Whether you are looking to buy on your doorstep or further afield, our expert staff will be able to help, as they have access to properties and expertise across the country, via our network of more than 200 branches nationwide and have years of buy-to-let and property management experience.
It’s important to throw emotion out of the window when searching for a property to let. Choosing a property is not about your personal tastes but about what tenants are looking for and which property type, location and let gives you the return you are hoping for.
Once you have established your investment objectives: income, capital growth or a bit of both, it is essential to understand what type of tenant and let you want, then look for the property most likely to appeal.
This is where the local knowledge and expertise of our buy-to-let staff at Hunters can be invaluable, as we have direct access to tenants in your area and know exactly what types of property they are looking for.
Things to consider
- If the property is over 25 years old, maintenance costs may be higher, as electrics, the roof and heating systems are all likely to need attention.
- With a flat or leasehold property, your income could be reduced through above-average increases in service charges or large, one-off major works costs you hadn’t budgeted for.
- A new build may mean lower maintenance costs, but you may pay more for the initial purchase.

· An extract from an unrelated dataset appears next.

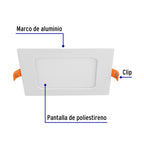 LUMINARIO LED SLIM, EMPOTRAR CUADRADO, 6W 48540 *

- Unattractive properties may rent well, but be difficult to sell in the future.
- It may prove difficult to rent a property which is noisy to live in, for example near a busy footpath, over a shop, by a railway line or near a school or factory. These properties can also prove difficult to finance and sell.
- Apart from in inner city areas, most tenants require parking.
There is no such thing as a ‘typical’ tenant – they come from all walks of life and represent a diverse group of people. Renting is no longer seen as a temporary stop-gap – due to cultural shifts and, in some areas, affordability issues, many people rent through choice on a long-term basis.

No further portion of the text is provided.